[GIVEN RECORDS]
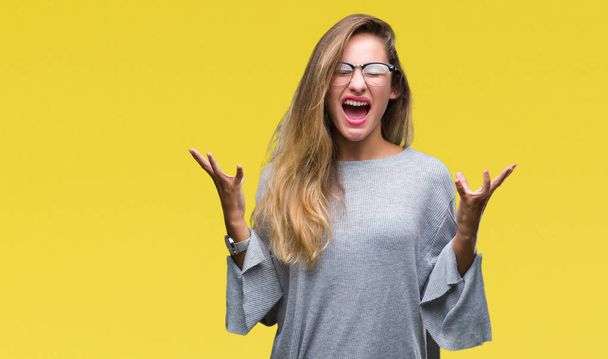 Young beautiful blonde woman wearing glasses over isolated background celebrating mad and crazy for success with arms raised and closed eyes screaming excited. Winner concept - Fotografie, Obrázek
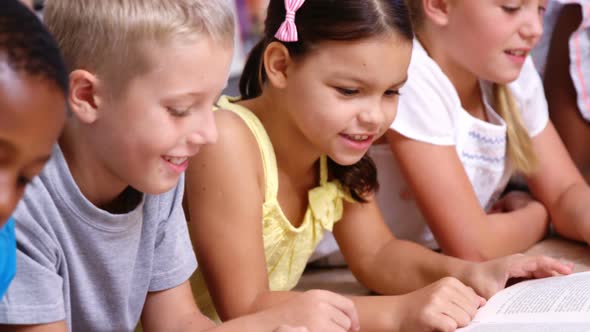 School kids reading book in library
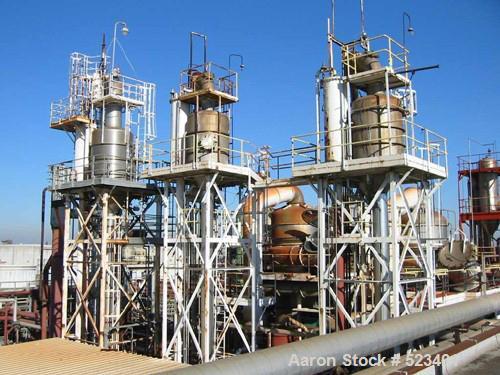 USED: Rossi Catelli double effect evaporator, model T60, rated 48,400 lbs/hour water evaporation, feed rate of 60,000 lbs/hour, finished product rate of 12,000 lbs/hour, 316 stainless steel. Used to ...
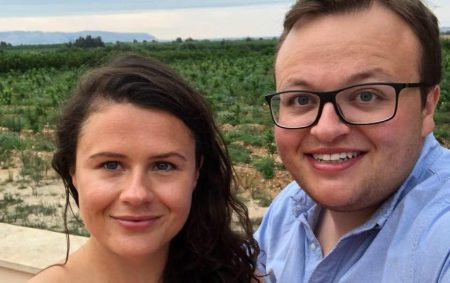 David Taylor, pictured with his partner Joani Reid, is the head of programmes at a think tank that develops engagement between Asia and Europe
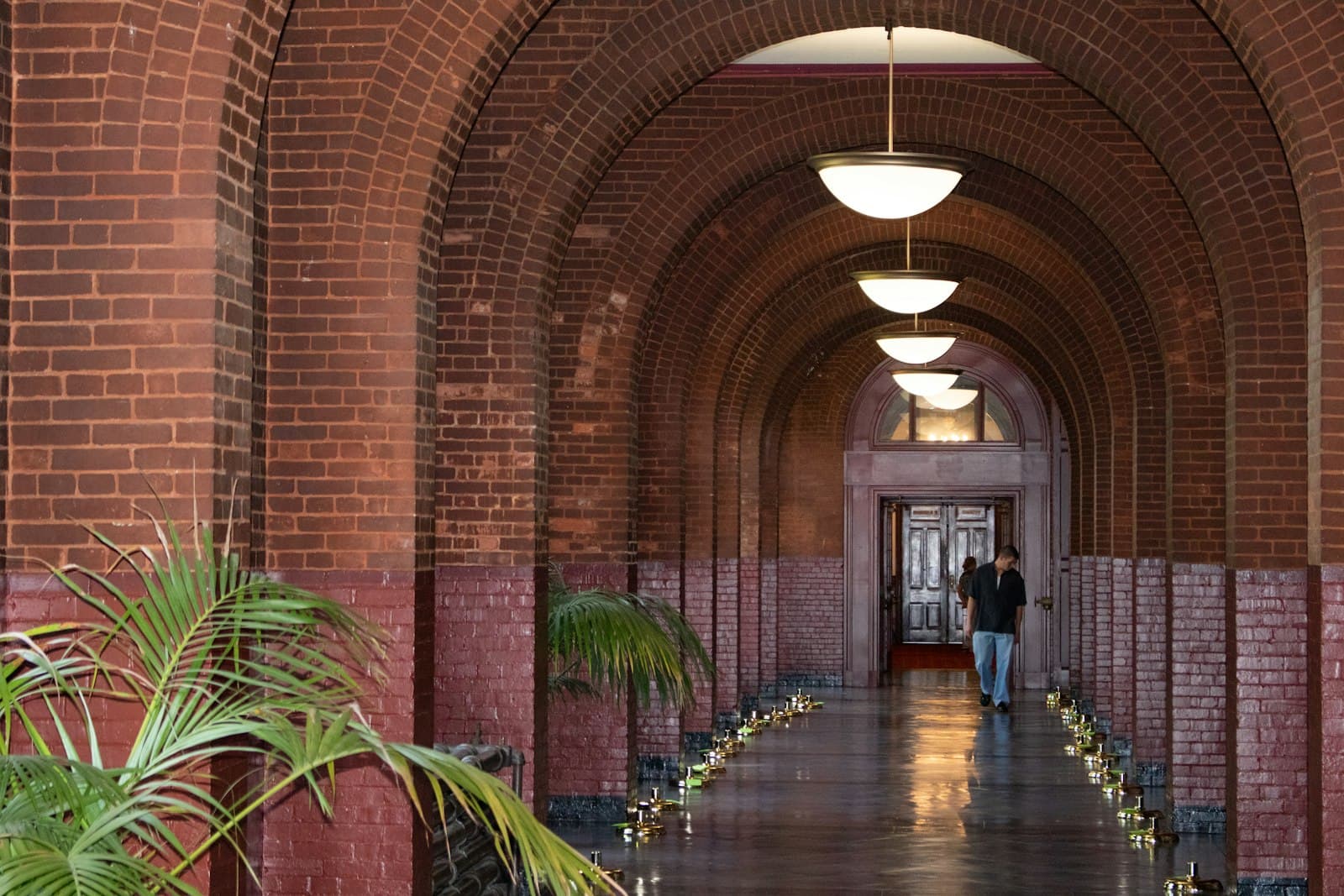 Georgetown — A long brick corridor leads towards a doorway.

[WORK ORDER] Set the listing down exactly, without its pictures.

[EXERCISE OUTPUT]
 Young beautiful blonde woman wearing glasses over isolated background celebrating mad and crazy for success with arms raised and closed eyes screaming excited. Winner concept - Fotografie, Obrázek
 School kids reading book in library
 USED: Rossi Catelli double effect evaporator, model T60, rated 48,400 lbs/hour water evaporation, feed rate of 60,000 lbs/hour, finished product rate of 12,000 lbs/hour, 316 stainless steel. Used to ...
 David Taylor, pictured with his partner Joani Reid, is the head of programmes at a think tank that develops engagement between Asia and Europe
 Georgetown — A long brick corridor leads towards a doorway.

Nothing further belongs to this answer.